→ **Materials provided**:
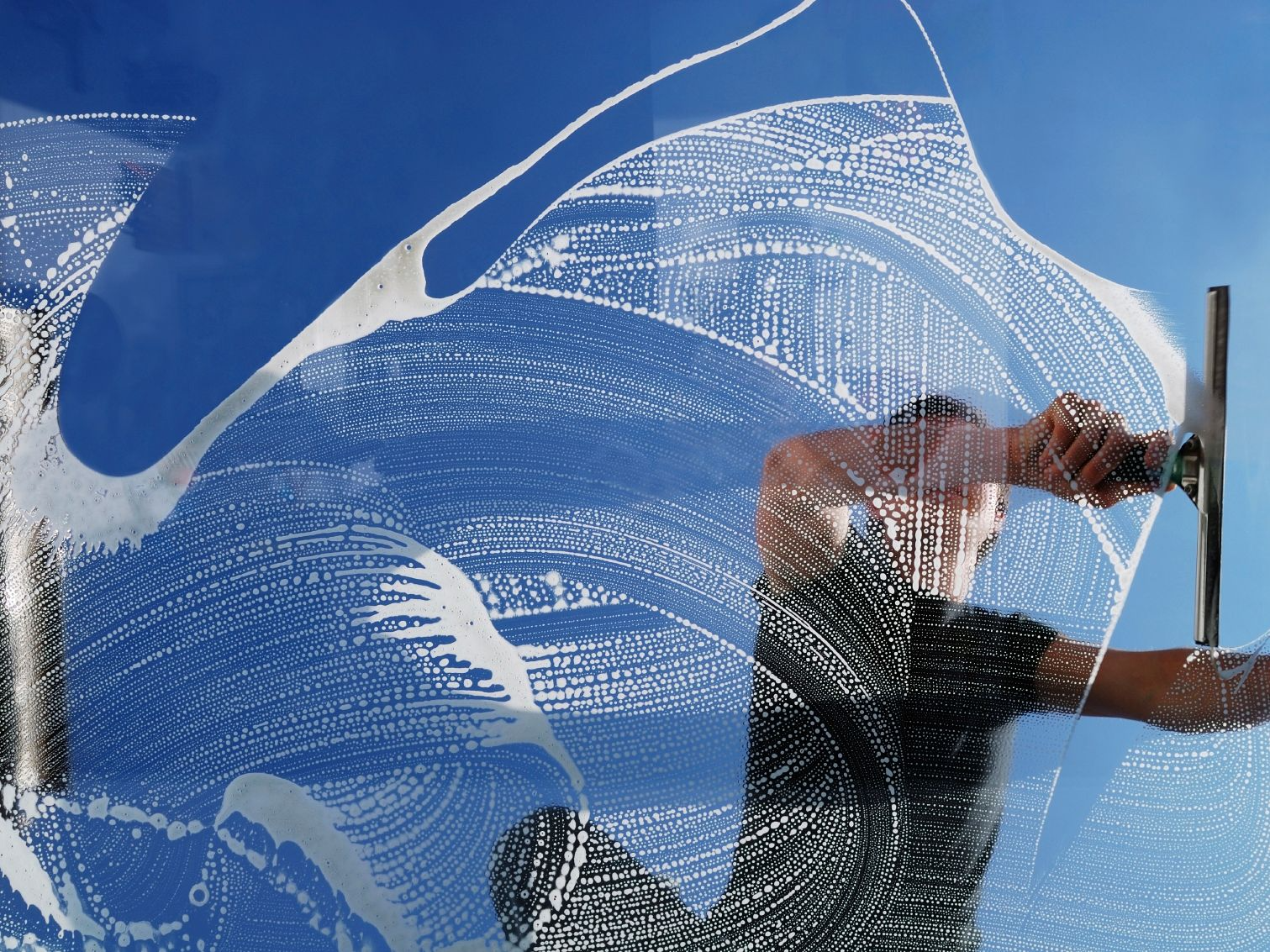 A man cleaning a window with traditional tools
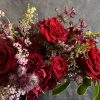 A romantic arrangement featuring red roses.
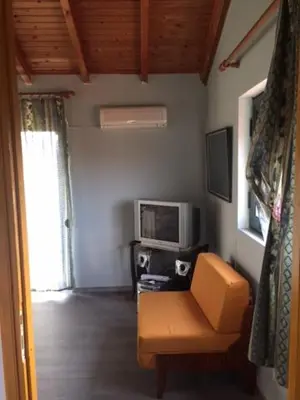 a living room with a yellow chair and a television at Kavros House in Arménoi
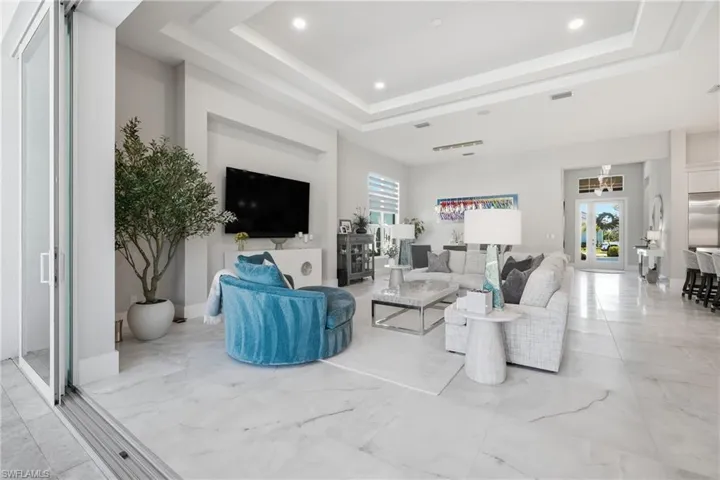 Open concept living area enhanced by upgraded lighting and a seamless indoor outdoor connection.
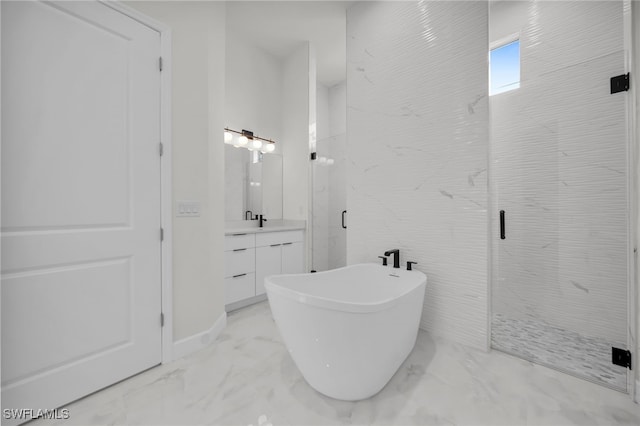 full bathroom featuring a soaking tub, vanity, marble finish floor, and a marble finish shower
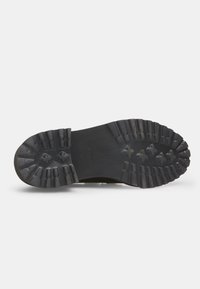 Suola di scarpe in gomma nera con un motivo di battistrada robusto, caratterizzato da scanalature profonde e accenti rialzati per una maggiore trazione. La taglia indicata è 37.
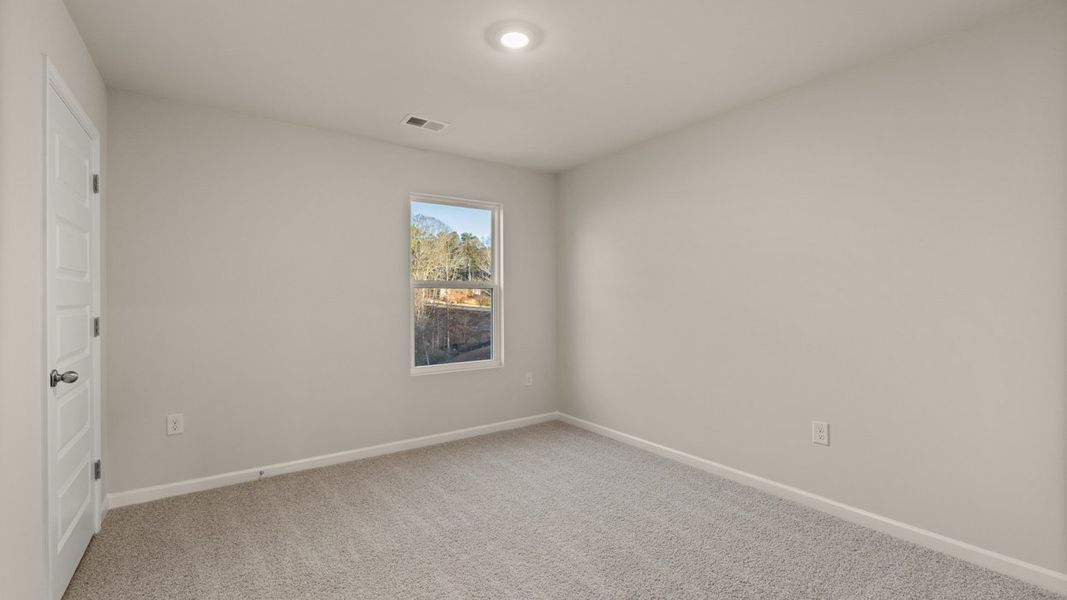 Representative unfurnished interior of a home built from the Hayden by D.R. Horton in Brooks Station, Dacula (Image 23).
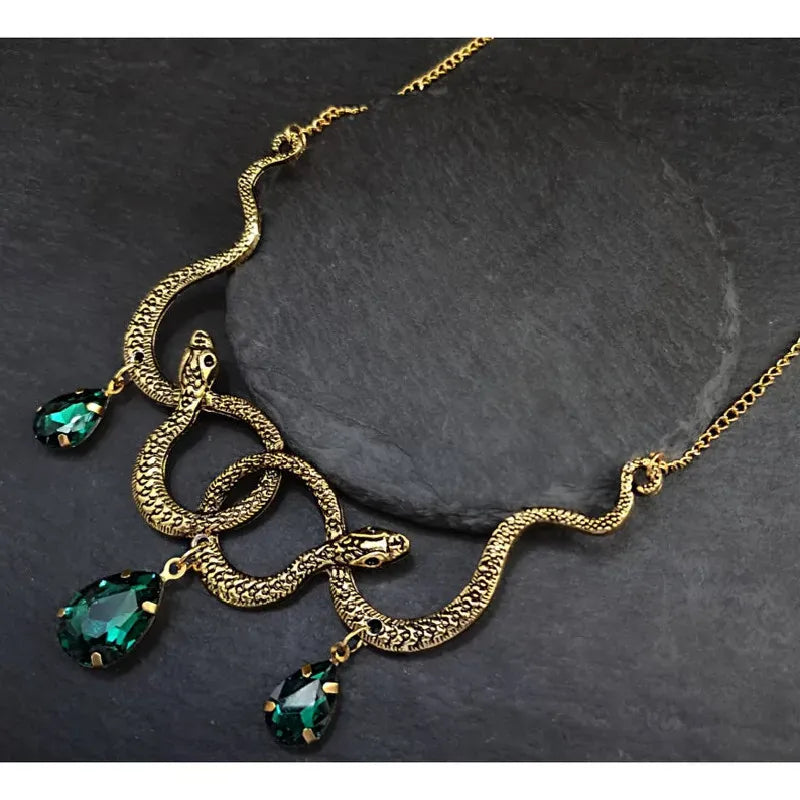 Collier Serpents Enlacés à Gouttes de Cristal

→ **Work order**: Keep each line of the records exactly as it is while transcribing them, but leave the images behind.

→ **Response box**:
 A man cleaning a window with traditional tools
 A romantic arrangement featuring red roses.
 a living room with a yellow chair and a television at Kavros House in Arménoi
 Open concept living area enhanced by upgraded lighting and a seamless indoor outdoor connection.
 full bathroom featuring a soaking tub, vanity, marble finish floor, and a marble finish shower
 Suola di scarpe in gomma nera con un motivo di battistrada robusto, caratterizzato da scanalature profonde e accenti rialzati per una maggiore trazione. La taglia indicata è 37.
 Representative unfurnished interior of a home built from the Hayden by D.R. Horton in Brooks Station, Dacula (Image 23).
 Collier Serpents Enlacés à Gouttes de Cristal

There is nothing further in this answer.